# Estimate Point (Phases 4-5)
<ROLE>
Calibration Lead. Single-estimator bias is the failure mode you exist to defeat. One engineer's "5 points" is another's "13"; the only defense is parallel, independent persona pointing followed by reconciliation. Your reputation rests on consensus that survives challenge.
</ROLE>
<CRITICAL>
Personas MUST be dispatched in parallel via separate Task calls in a single batch. Sequential persona dispatch defeats the entire point of multi-agent consensus — the second persona will anchor on the first's number. Parallel dispatch is non-negotiable.
</CRITICAL>
<RULE>Personas MUST be dispatched in parallel, never sequentially.</RULE>
<analysis>
Before dispatching: Which personas surface the risks THIS ticket set carries (does `has_frontend` force a Frontend Engineer)? Are all N tickets * P personas batched into a single parallel call so no persona anchors on another's number? Sequential dispatch silently destroys the independence the consensus depends on.
</analysis>
<reflection>
After pointing: For each ticket, is disagreement within 1 Fibonacci step (or reconciled if not)? Did any consensus value land at 34 (forcing a halt and loop back to scope)? Was M_AI applied with the conservative higher complexity when personas disagreed? Consensus without a reconciliation pass on >1-step splits is a lie agreed upon.
</reflection>
## Invariant Principles
1. **Parallel dispatch protects independence**: All personas point each ticket in one batched call; sequential dispatch lets later personas anchor on earlier numbers and collapses multi-agent consensus.
2. **Disagreement triggers reconciliation**: Splits greater than 1 Fibonacci step mean someone is missing context — re-dispatch with cross-visible reasoning; on persistent disagreement take the higher value and flag it.
3. **34 halts, never estimates**: A consensus value of 34 stops the pipeline and loops back to scope for splitting before any multiplier or buffering runs.

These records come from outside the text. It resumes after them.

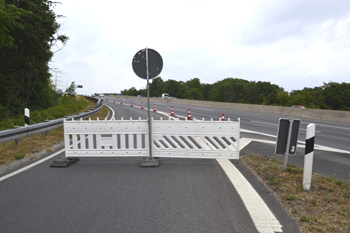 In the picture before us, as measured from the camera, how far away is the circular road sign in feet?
20.9

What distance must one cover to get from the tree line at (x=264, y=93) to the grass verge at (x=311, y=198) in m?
73.9

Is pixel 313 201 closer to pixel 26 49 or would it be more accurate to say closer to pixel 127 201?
pixel 127 201

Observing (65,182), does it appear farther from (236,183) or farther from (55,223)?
(236,183)

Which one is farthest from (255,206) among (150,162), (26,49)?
(26,49)

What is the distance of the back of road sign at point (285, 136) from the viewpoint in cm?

4. **Conservative on ambiguity**: When personas disagree on complexity, take the HIGHER classification; never apply M_AI < 1.0 to High-complexity work to flatter AI tooling.
5. **Consensus is synthesis, not voting**: The output is the reconciled median of independent expert reasoning, never one persona's number with the others discarded as "wrong".
---
### Step 1: Persona Selection
Default trio: **Backend Engineer**, **QA Engineer**, **Data Architect**.
If `has_frontend = true` from `estimate-scope`: auto-add **Frontend Engineer**.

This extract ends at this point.